Information given =>
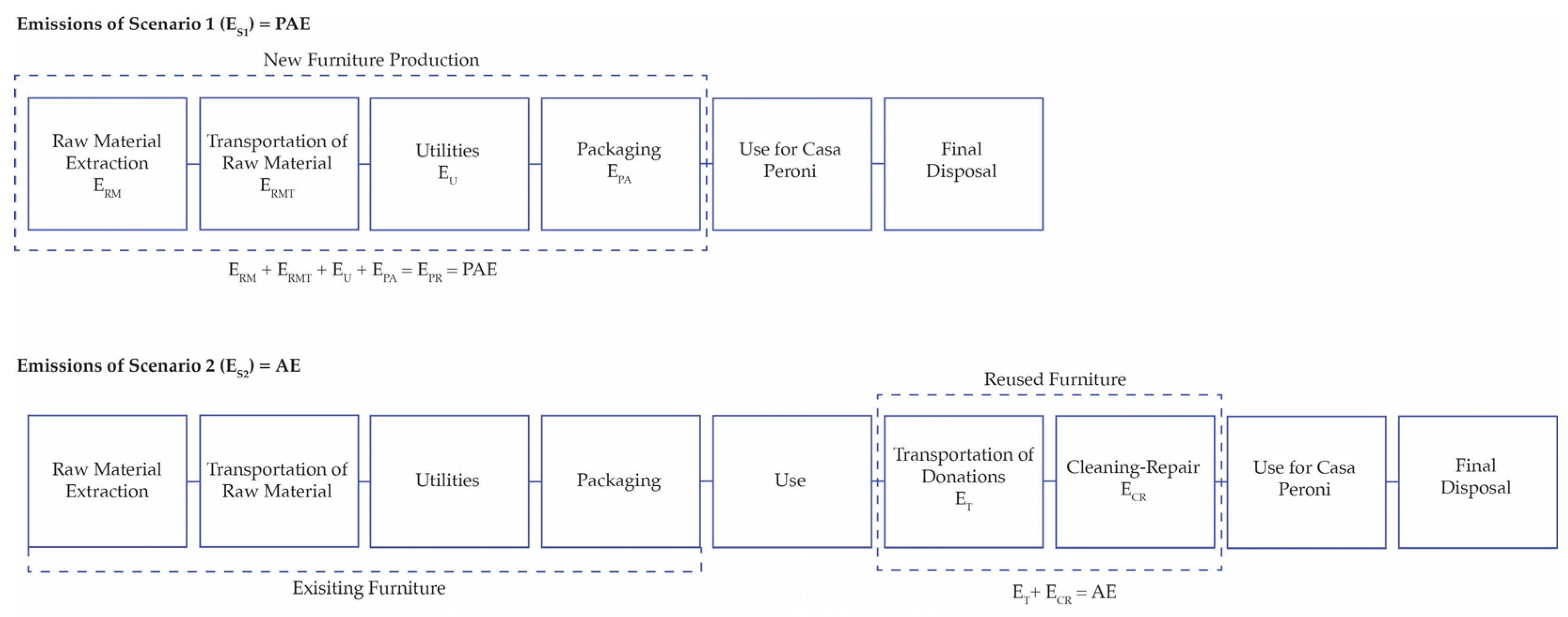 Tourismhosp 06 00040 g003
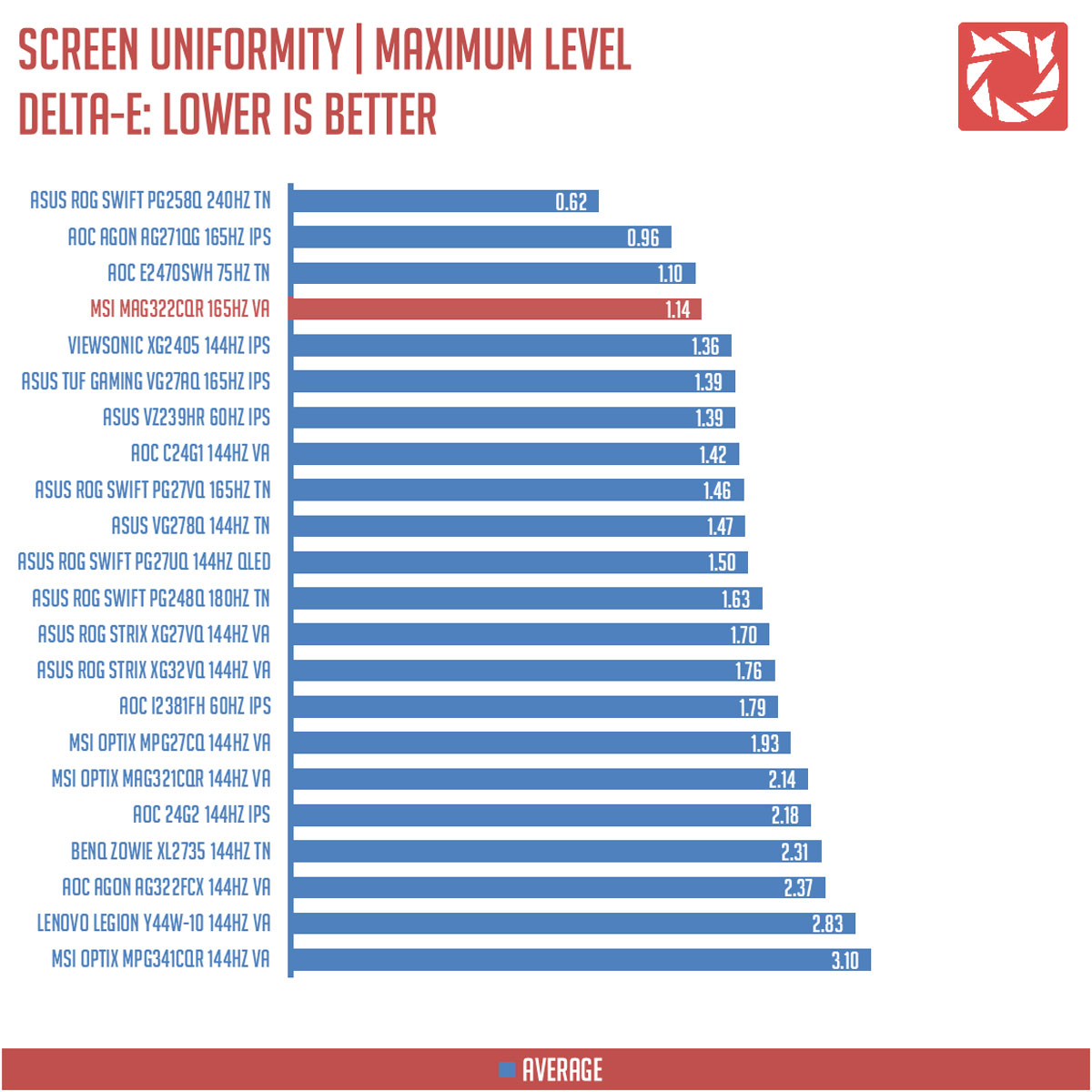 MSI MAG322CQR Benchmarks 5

--

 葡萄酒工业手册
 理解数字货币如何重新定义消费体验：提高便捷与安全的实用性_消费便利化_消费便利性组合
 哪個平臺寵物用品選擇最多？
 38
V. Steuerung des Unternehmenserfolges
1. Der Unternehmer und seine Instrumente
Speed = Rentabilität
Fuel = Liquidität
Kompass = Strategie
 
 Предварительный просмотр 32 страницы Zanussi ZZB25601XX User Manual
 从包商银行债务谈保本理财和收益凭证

What is being asked => Every line above from the line with "V. Steuerung des Unternehmenserfolges" to the line with "从包商银行债务谈保本理财和收益凭证" is wanted, ends included; write them out exactly and add no other line.

Reply to the exercise =>
V. Steuerung des Unternehmenserfolges
1. Der Unternehmer und seine Instrumente
Speed = Rentabilität
Fuel = Liquidität
Kompass = Strategie
 
 Предварительный просмотр 32 страницы Zanussi ZZB25601XX User Manual
 从包商银行债务谈保本理财和收益凭证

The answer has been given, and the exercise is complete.